» Exercise goal: Wherever pictures appear in the listing below, leave them out, and copy exactly, and only, everything from the line with "Приёмник GEPRC Gemini" down to the line with "China Cheap Solar".

» Supplied records:
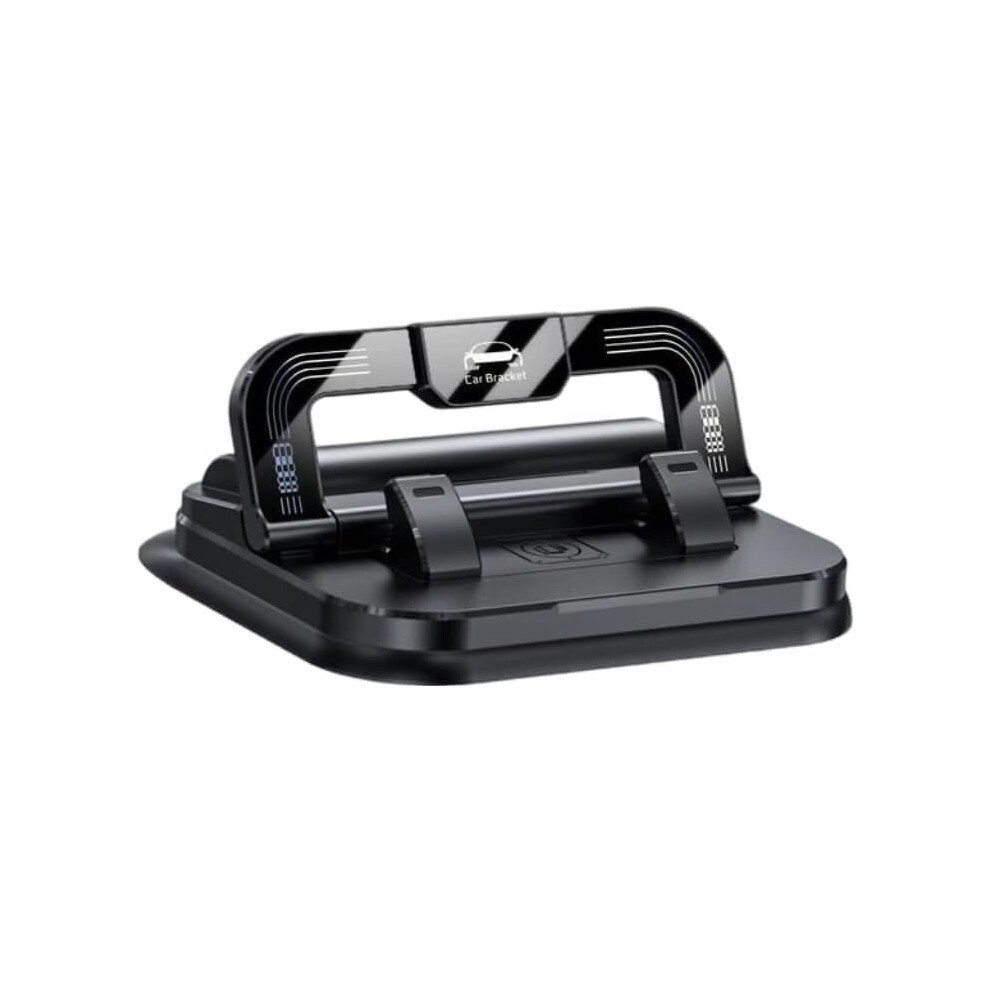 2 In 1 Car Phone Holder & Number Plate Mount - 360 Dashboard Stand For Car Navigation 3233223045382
--
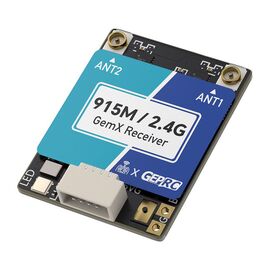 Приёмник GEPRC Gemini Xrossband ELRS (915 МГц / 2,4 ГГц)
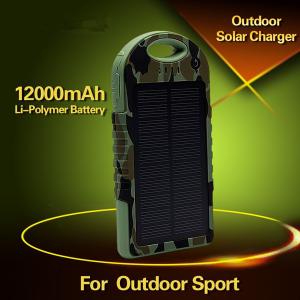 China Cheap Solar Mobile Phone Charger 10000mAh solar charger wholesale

» Written reply:
 Приёмник GEPRC Gemini Xrossband ELRS (915 МГц / 2,4 ГГц)
 China Cheap Solar Mobile Phone Charger 10000mAh solar charger wholesale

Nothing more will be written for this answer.